== EXERCISE ==
I need the lines below from the one with "Shrimp Paradise Freeze Dried Tubifex Worms" down to the one with "New Zealand Football" reproduced exactly, both ends included, and nothing else.

+ + + + + + +

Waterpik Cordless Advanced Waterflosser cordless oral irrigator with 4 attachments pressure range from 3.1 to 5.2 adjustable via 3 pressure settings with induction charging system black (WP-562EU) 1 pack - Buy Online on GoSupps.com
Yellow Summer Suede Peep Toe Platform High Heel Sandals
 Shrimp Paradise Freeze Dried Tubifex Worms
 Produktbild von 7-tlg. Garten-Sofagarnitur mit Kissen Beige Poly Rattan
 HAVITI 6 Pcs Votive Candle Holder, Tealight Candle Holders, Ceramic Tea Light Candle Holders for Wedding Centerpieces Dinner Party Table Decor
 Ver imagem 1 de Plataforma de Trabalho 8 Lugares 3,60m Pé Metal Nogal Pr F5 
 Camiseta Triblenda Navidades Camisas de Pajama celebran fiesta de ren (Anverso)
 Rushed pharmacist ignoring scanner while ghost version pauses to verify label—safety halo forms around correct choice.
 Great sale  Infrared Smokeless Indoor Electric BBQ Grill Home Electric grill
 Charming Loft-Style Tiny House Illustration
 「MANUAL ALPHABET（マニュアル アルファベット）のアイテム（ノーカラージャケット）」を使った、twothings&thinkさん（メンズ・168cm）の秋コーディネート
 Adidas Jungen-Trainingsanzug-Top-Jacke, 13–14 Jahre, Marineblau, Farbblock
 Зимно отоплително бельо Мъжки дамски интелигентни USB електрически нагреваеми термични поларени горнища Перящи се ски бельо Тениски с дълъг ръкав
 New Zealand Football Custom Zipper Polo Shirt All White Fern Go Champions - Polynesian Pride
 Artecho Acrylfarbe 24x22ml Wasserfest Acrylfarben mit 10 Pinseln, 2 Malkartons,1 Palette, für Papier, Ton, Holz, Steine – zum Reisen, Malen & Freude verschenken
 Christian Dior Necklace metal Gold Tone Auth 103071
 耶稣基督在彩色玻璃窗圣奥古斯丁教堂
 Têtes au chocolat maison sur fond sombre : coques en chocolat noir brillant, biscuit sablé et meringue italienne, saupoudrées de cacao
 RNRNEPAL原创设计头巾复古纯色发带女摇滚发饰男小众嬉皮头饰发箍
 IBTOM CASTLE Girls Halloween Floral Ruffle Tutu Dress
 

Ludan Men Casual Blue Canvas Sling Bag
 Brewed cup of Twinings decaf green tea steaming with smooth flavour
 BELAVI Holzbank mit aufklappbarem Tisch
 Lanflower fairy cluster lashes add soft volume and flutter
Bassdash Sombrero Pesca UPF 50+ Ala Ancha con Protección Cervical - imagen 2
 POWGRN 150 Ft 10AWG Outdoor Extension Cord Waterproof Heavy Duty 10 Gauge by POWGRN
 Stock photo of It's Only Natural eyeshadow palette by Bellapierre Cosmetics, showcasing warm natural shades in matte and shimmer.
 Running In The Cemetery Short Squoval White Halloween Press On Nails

+ + + + + + +

== SOLUTION TO THE EXERCISE ==
 Shrimp Paradise Freeze Dried Tubifex Worms
 Produktbild von 7-tlg. Garten-Sofagarnitur mit Kissen Beige Poly Rattan
 HAVITI 6 Pcs Votive Candle Holder, Tealight Candle Holders, Ceramic Tea Light Candle Holders for Wedding Centerpieces Dinner Party Table Decor
 Ver imagem 1 de Plataforma de Trabalho 8 Lugares 3,60m Pé Metal Nogal Pr F5 
 Camiseta Triblenda Navidades Camisas de Pajama celebran fiesta de ren (Anverso)
 Rushed pharmacist ignoring scanner while ghost version pauses to verify label—safety halo forms around correct choice.
 Great sale  Infrared Smokeless Indoor Electric BBQ Grill Home Electric grill
 Charming Loft-Style Tiny House Illustration
 「MANUAL ALPHABET（マニュアル アルファベット）のアイテム（ノーカラージャケット）」を使った、twothings&thinkさん（メンズ・168cm）の秋コーディネート
 Adidas Jungen-Trainingsanzug-Top-Jacke, 13–14 Jahre, Marineblau, Farbblock
 Зимно отоплително бельо Мъжки дамски интелигентни USB електрически нагреваеми термични поларени горнища Перящи се ски бельо Тениски с дълъг ръкав
 New Zealand Football Custom Zipper Polo Shirt All White Fern Go Champions - Polynesian Pride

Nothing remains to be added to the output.